Skip any image you find and restate the rest of the data word for word.

Pictures with short captions:
▬▬▬▬▬▬
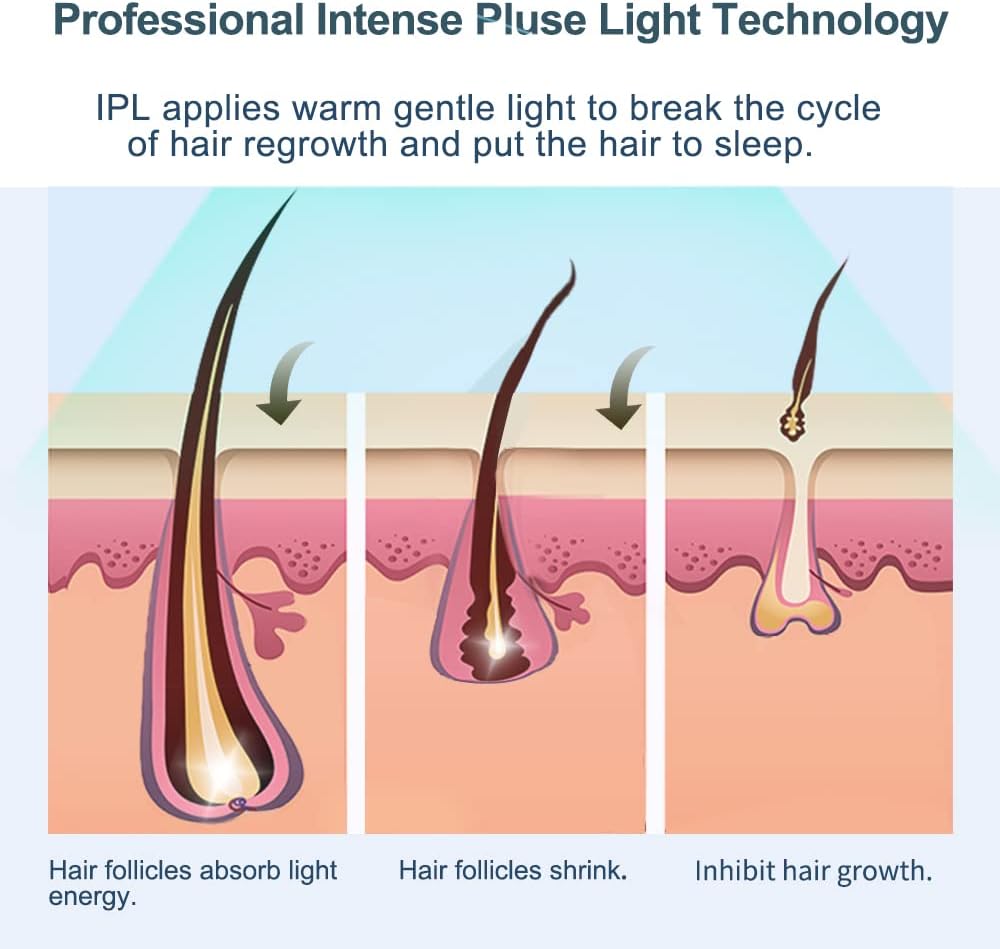 Épilateur Lumière Pulsée IPL Dépilation - Glace Refroidissement Sans Douleur & 1 Accessoire de Précision & 500000 Flashs pour Visage, Corps, le Maillot et les Aisselles, Laser Appareil Epilation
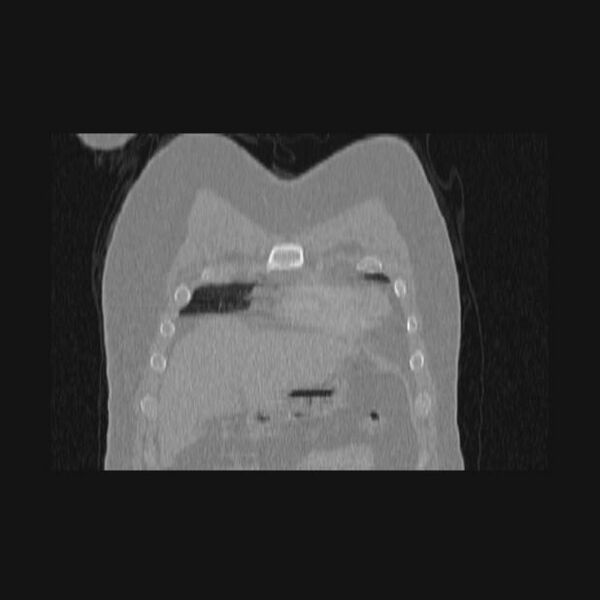 File:Bronchial atresia (Radiopaedia 60685-68439 Coronal lung window 68).jpg
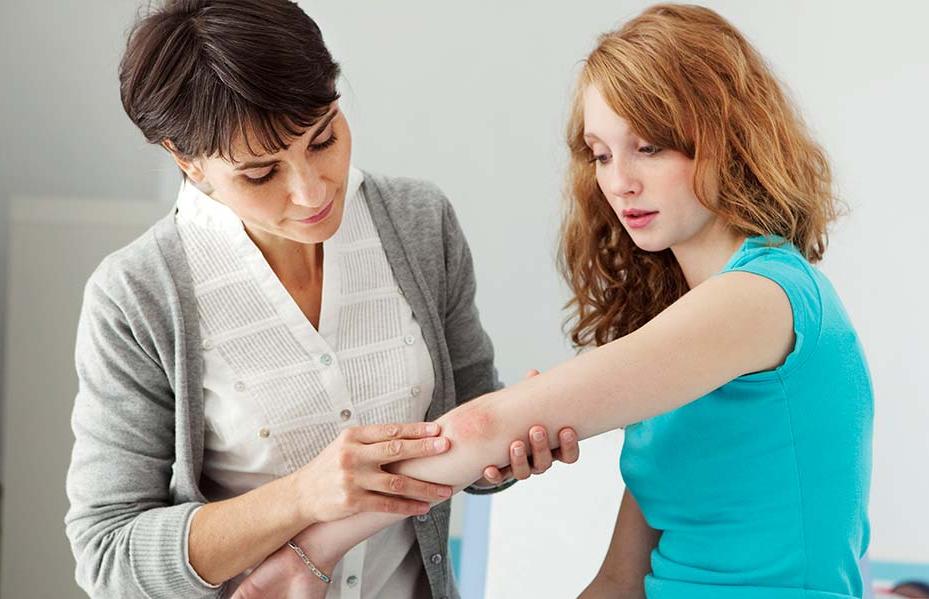 Psoriasis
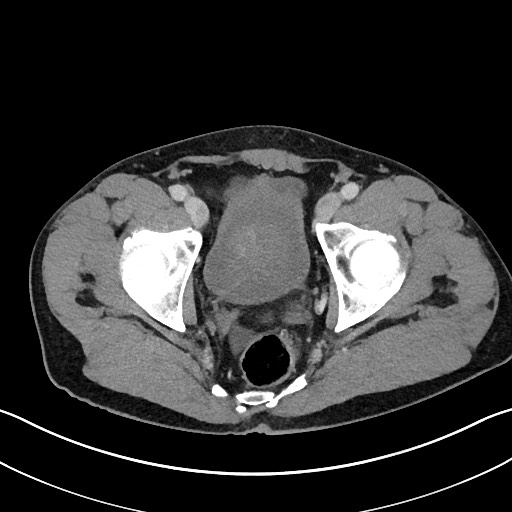 File:Closed loop small bowel obstruction - internal hernia (Radiopaedia 57806-64778 B 116).jpg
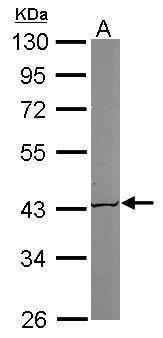 ACAT1 Antibody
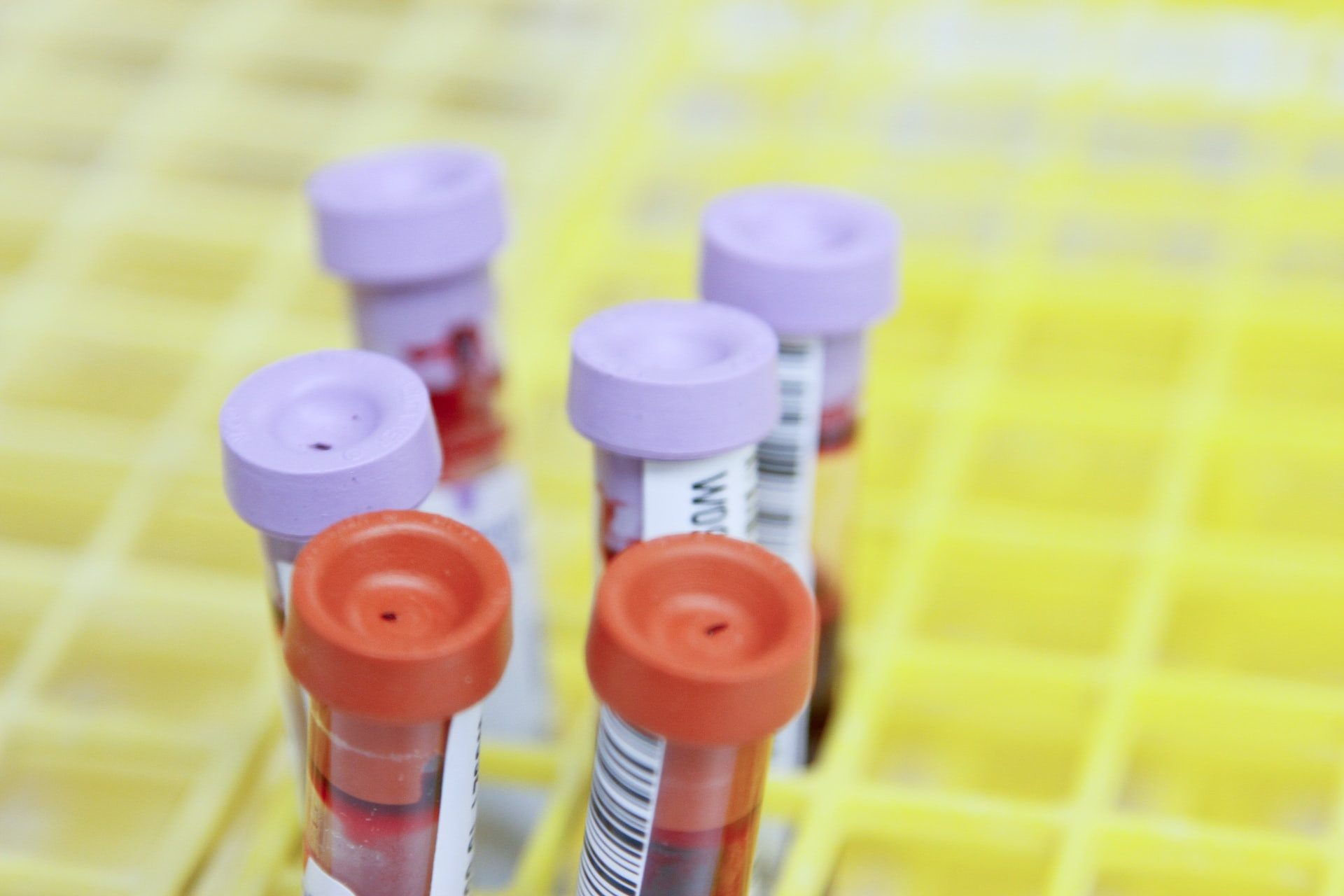 Στα σκαριά το πρώτο τεστ αίματος που θα μπορεί να προβλέψει ποιος κινδυνεύει από long covid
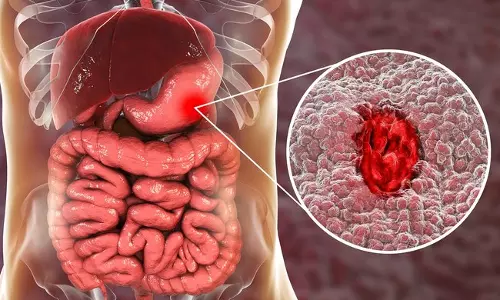 അള്‍സറിനെ അറിയാം തടയാം 
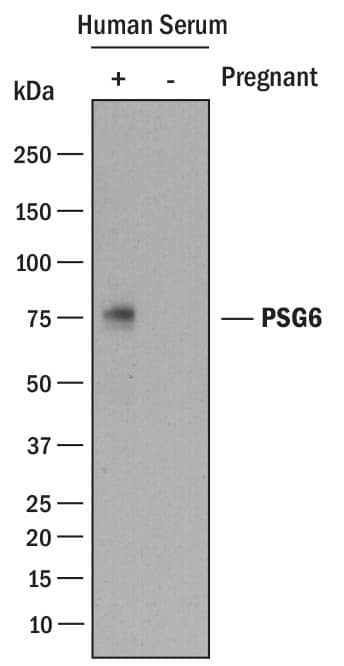 Detection of Human PSG6 antibody by Western Blot.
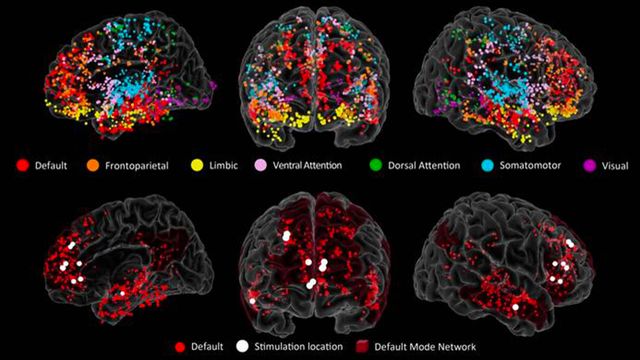 Study Pinpoints Origins of Creativity in the Brain | Technology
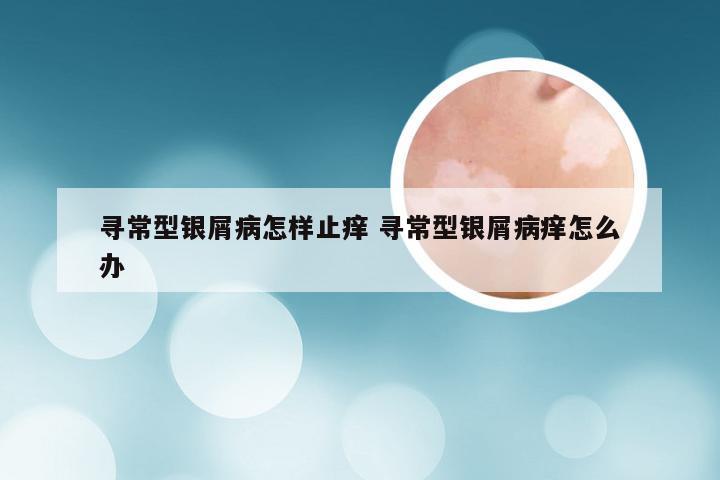 寻常型银屑病怎样止痒 寻常型银屑病痒怎么办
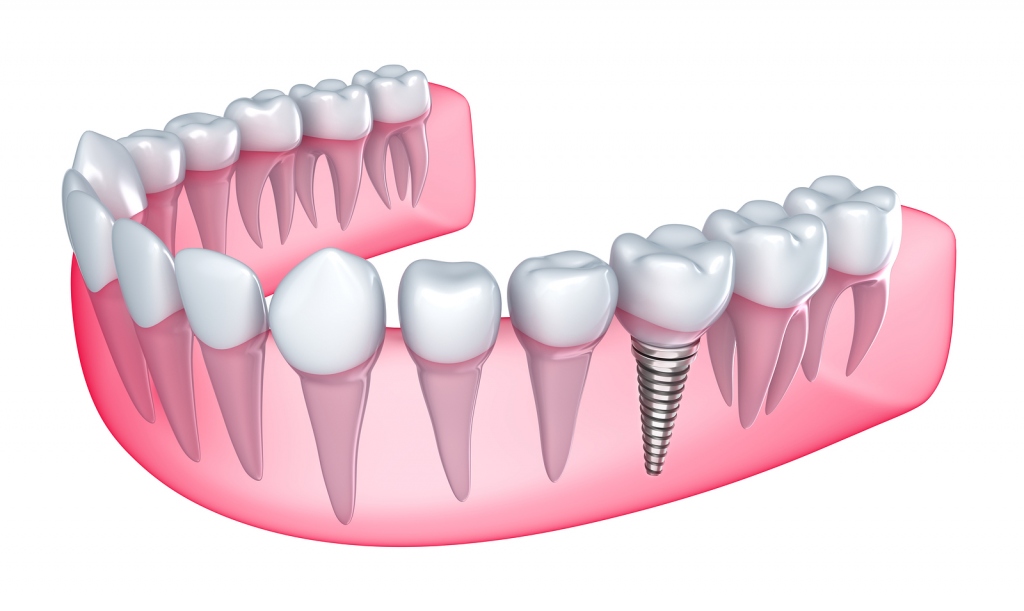 Types Of Tooth Replacement and Benefits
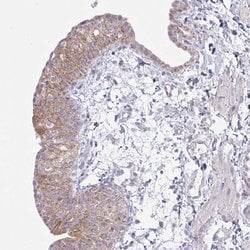 Invitrogen NDUFA7 Polyclonal Antibody 100 &mu;L; Unconjugated:Antibodies,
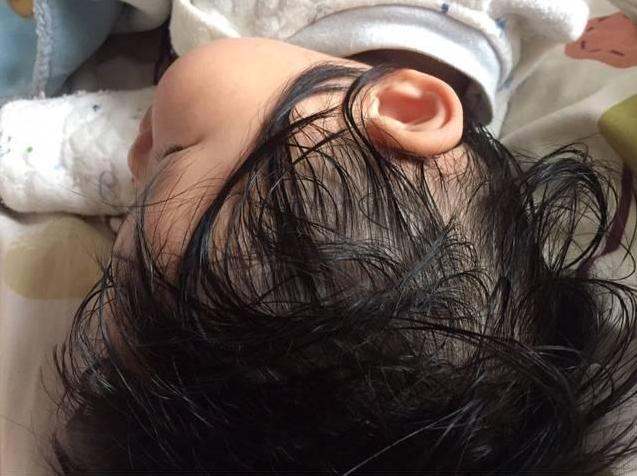                     孩子爱出汗是因为缺钙？医生：八杆子打不着，主要是这3个原因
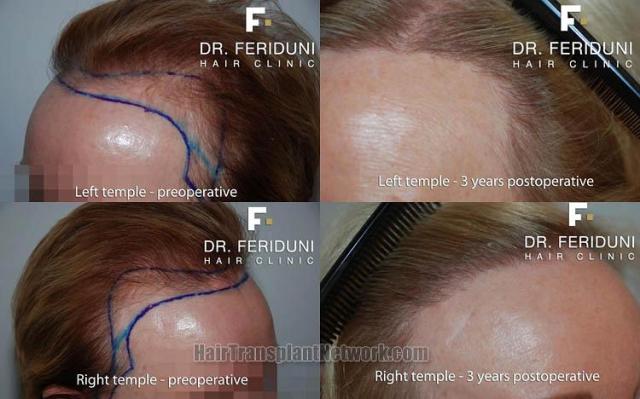 Hair restoration surgery before and after photos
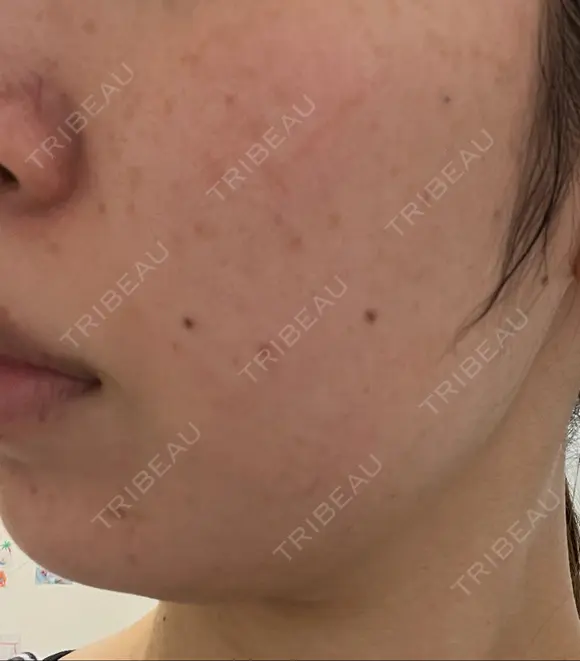 RF（高周波）たるみ治療 東京美容医療クリニック 池袋院 BEFORE メイン用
▬▬▬▬▬▬
### Answer area
 Épilateur Lumière Pulsée IPL Dépilation - Glace Refroidissement Sans Douleur & 1 Accessoire de Précision & 500000 Flashs pour Visage, Corps, le Maillot et les Aisselles, Laser Appareil Epilation
 File:Bronchial atresia (Radiopaedia 60685-68439 Coronal lung window 68).jpg
 Psoriasis
 File:Closed loop small bowel obstruction - internal hernia (Radiopaedia 57806-64778 B 116).jpg
 ACAT1 Antibody
 Στα σκαριά το πρώτο τεστ αίματος που θα μπορεί να προβλέψει ποιος κινδυνεύει από long covid
 അള്‍സറിനെ അറിയാം തടയാം 
 Detection of Human PSG6 antibody by Western Blot.
 Study Pinpoints Origins of Creativity in the Brain | Technology
 寻常型银屑病怎样止痒 寻常型银屑病痒怎么办
 Types Of Tooth Replacement and Benefits
 Invitrogen NDUFA7 Polyclonal Antibody 100 &mu;L; Unconjugated:Antibodies,
                     孩子爱出汗是因为缺钙？医生：八杆子打不着，主要是这3个原因
 Hair restoration surgery before and after photos
 RF（高周波）たるみ治療 東京美容医療クリニック 池袋院 BEFORE メイン用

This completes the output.